Canada described how his commitment to bettering the educational opportunities of the poorest children in America was a vision he inherited from his own childhood experiences and the example set for him by his idols. When he was in elementary school, Rosa Parks refused to give up her seat on a Montgomery bus. When he was in sixth grade, John F. Kennedy became president, a man whom Canada described as standing up for constitutional rights that half the country stood against at the time. And, in 1968, when he was in tenth grade, the visions of a better future that both Robert F. Kennedy and Martin Luther King held were handed over to their successors when they were both assassinated. Canada’s own career and work, is, as he describes it, also nearing its end. But he noted that he—just like those who came before him who also aspired to leave their country better than they found it—has a next generation to rely on.
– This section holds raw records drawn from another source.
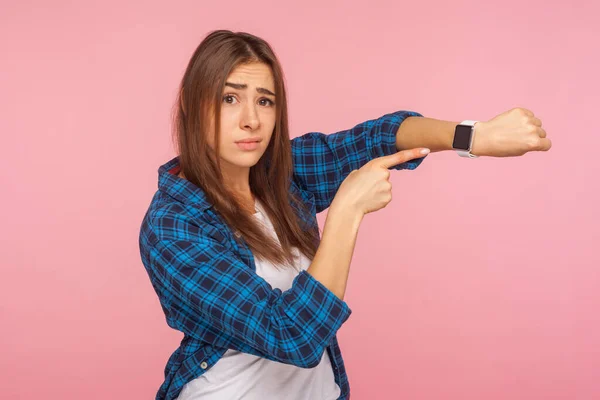 Late Portrait Impatient Young Woman Checkered Shirt Pointing Wrist Watches — Stock Photo, Image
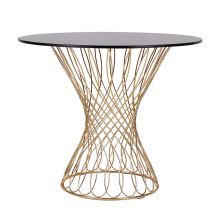 Gold Plating Glass Top Metal Wire Frame Dining Table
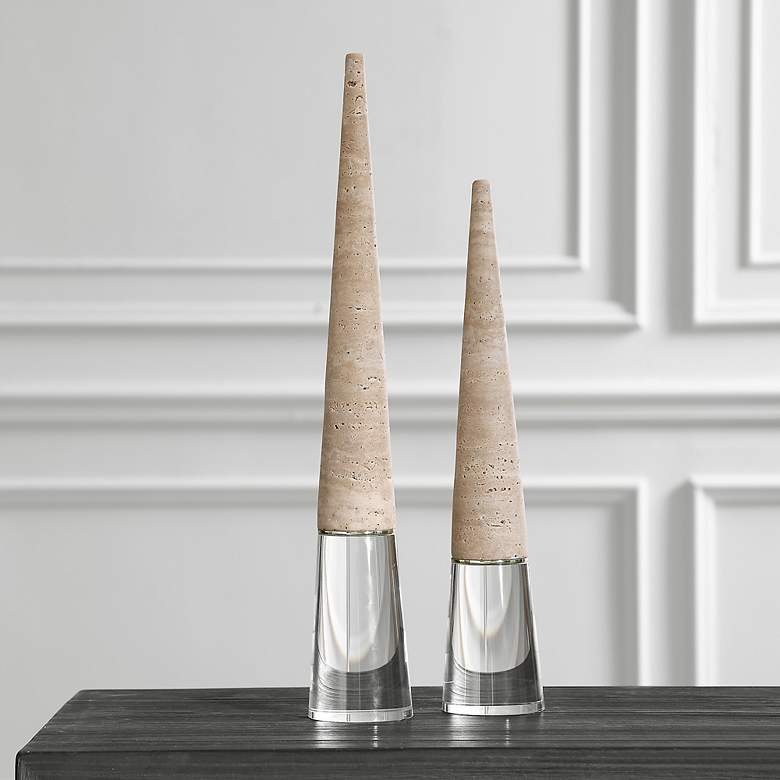 Image 3 Stoney Point Travertine and Clear Crystal Sculptures Set of 2 more views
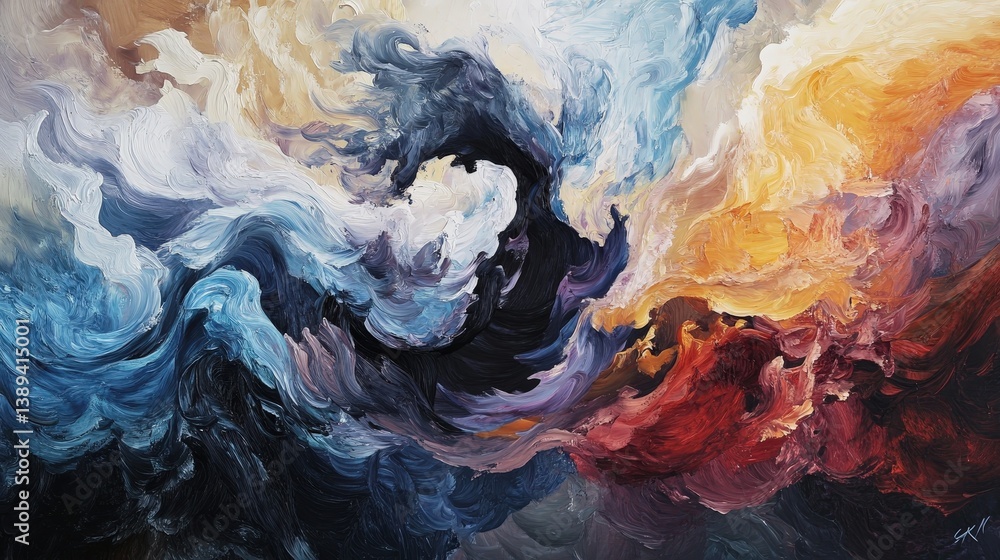 Poster a mesmerizing abstract composition of swirling colors blending seamlessly into each other, evoking a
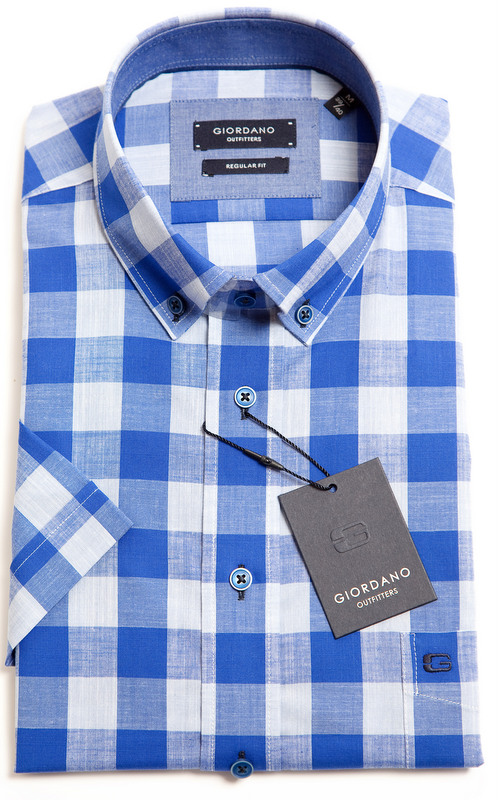 Giordano Short Sleeved Shirt - Blue & Silver Check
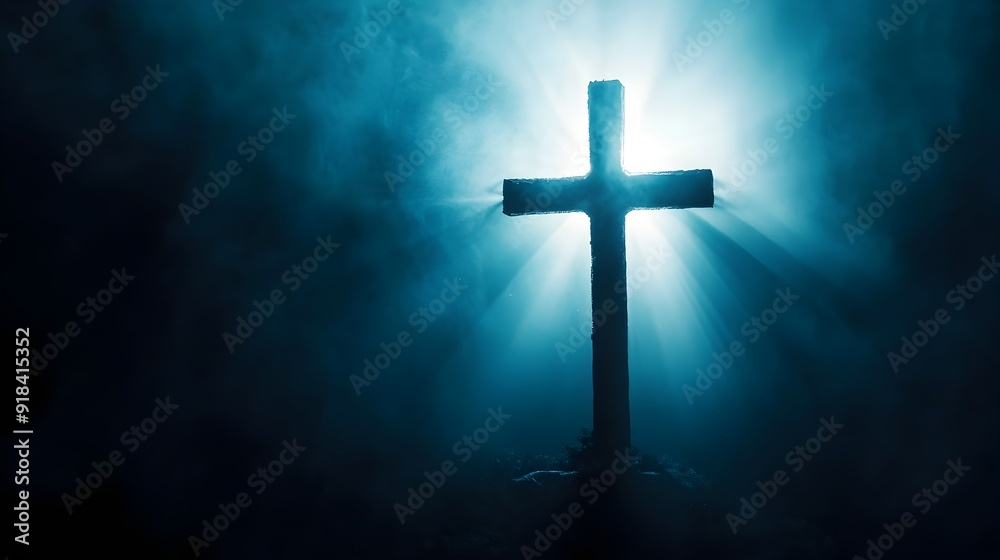 Silhouette of a cross with light rays and smoke Silhouette of a cross with light rays and smoke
He extracted a promise from the imminent graduates—some 564 degree candidates, including a member of the cabinet of the European Commission, a senior economist at the International Monetary Fund, and state representatives from Vermont and Massachusetts—to continue to do good work, and to continue to save the children that he has started to help. And he added that, in this promise, and in the promise of their talents and ambitions, the generation embodied by the HKS Class of 2013 might just be “the greatest generation yet.”

With that concluding statement, he received a standing ovation from a crowd filled with proud parents, and from graduates filled with promises to make a better world—and permission to make lots of money.